Oral argument in People v. Arredondo set for October 2
The California Supreme Court will hold oral argument Wednesday to consider the appeal of a child molester who claims that the trial court violated his rights by preventing him from making eye contact with his victims as they testified.
At issue in the case of People v. Arredondo is whether the judge’s decision to use a computer monitor to block the direct view of the defendant from the girls he molested as they testified violated his Sixth Amendment right to confront the witnesses against him.
The Criminal Justice Legal Foundation has joined the case to encourage a decision rejecting the child molester’s claim.

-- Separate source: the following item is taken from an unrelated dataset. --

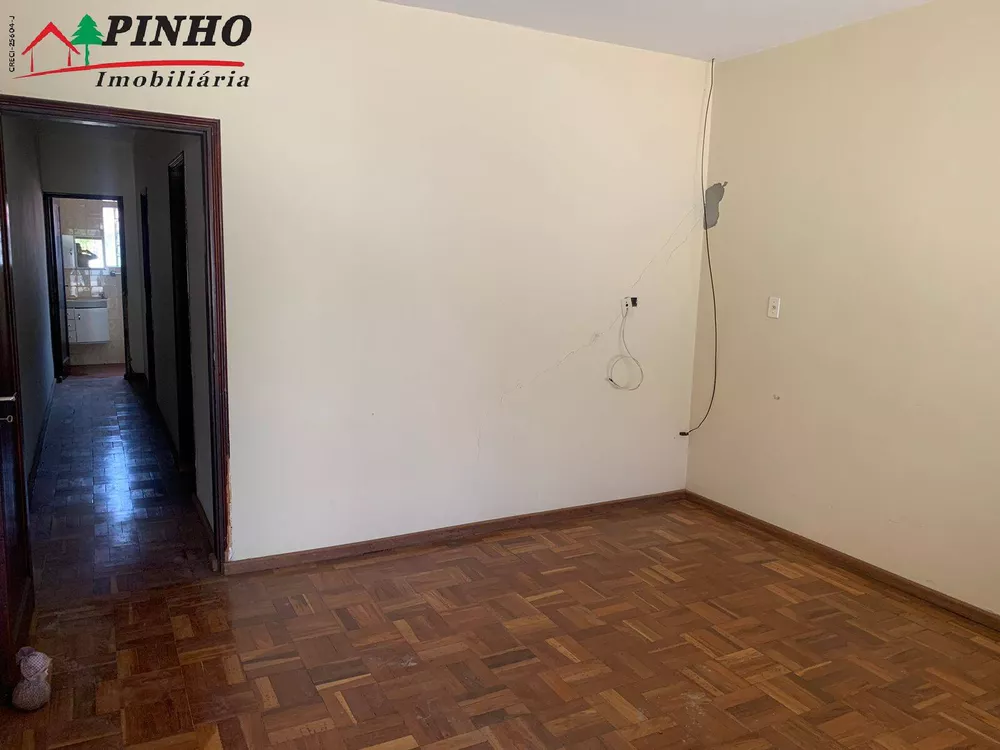 Casa à venda com 3 quartos, 264m² - Foto 4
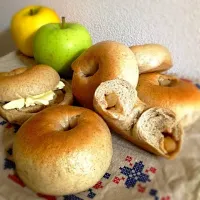 Apple cinnamon bagel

In 2015, Jason Arredondo, who had a previous conviction for child molestation, was found guilty of repeatedly molesting his girlfriend’s daughters for eight years beginning in 2005 when the girls were eight, six, and five years old. The molestations stopped in 2013 after he molested one of the girl’s friends when she was visiting. The friend reported the incident to a school counselor who reported Arredondo to police. While all of the girls had been severely traumatized by the years of abuse, the oldest suffered from emotional and psychological problems that required that she be held back in school.

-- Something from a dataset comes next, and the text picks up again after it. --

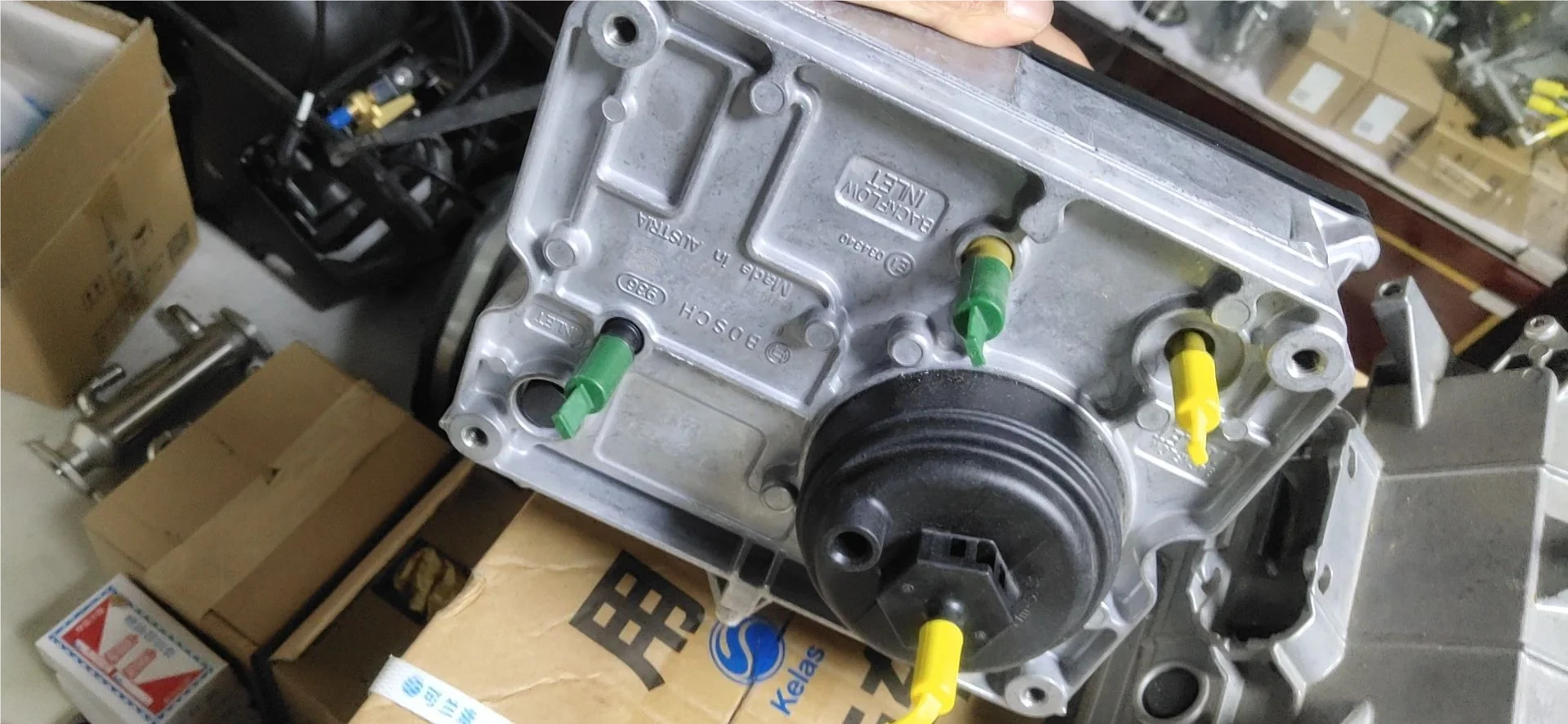 0444022022-1 0444022021-1 0444022011 J0100-1205350 Urea-Pumpenfilterabdeckung ist geeignet für Volvo DAF Iveco Schwerlastwagen – Detail 1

At trial, when the oldest victim, then 18, was unable to testify with Arredondo staring at her, the judge had a computer monitor, which was already attached to the witness stand, raised slightly to prevent her from seeing his face. Arredondo objected on the ground that blocking his view of his victims’ faces violated the Constitution’s confrontation clause, but the objection was overruled, and all three victims testified with the raised monitor. The jury convicted him on 16 counts of child molestation, and the judge sentenced him to 33 years and an indeterminate term of 275 years to life in prison.
A year later a divided state court of appeal upheld Arredondo’s conviction, but ordered resentencing on 3 of the 16 counts. He appealed that ruling and in 2017, the state Supreme Court agreed to hear his Sixth Amendment claim regarding the computer monitor.
Last December, CJLF filed a scholarly amicus curiae (friend of the court) brief arguing that the minor accommodation made by the judge to allow the victims’ testimony did not violate Arredondo’s rights. Foundation Associate Attorney Kymberlee Stapleton noted that a defendant’s right to physically confront his accuser is not absolute. Her brief pointed out that U. S. Supreme Court decisions have allowed alternatives to face-to-face confrontation, particularly in cases involving sexually abused children. These alternatives include having victims testify in another room on closed-circuit television. California law goes further, allowing sexual assault victims 15 years old or younger to submit videotaped testimony, and extends this protection to victims of spousal rape, or traumatic injury regardless of the victim’s age. The minor accommodation made for Arredondo’s victims did not prevent him from seeing them, hearing their testimony, or from cross-examination by his attorney. It simply blocked him from staring at their faces.
“The victims in this case, after years of sexual abuse, had good reason to be very afraid of their attacker,” said Stapleton. “The importance of helping these victims participate in the trial far outweighs the minor accommodation made by the judge in this case,” she added.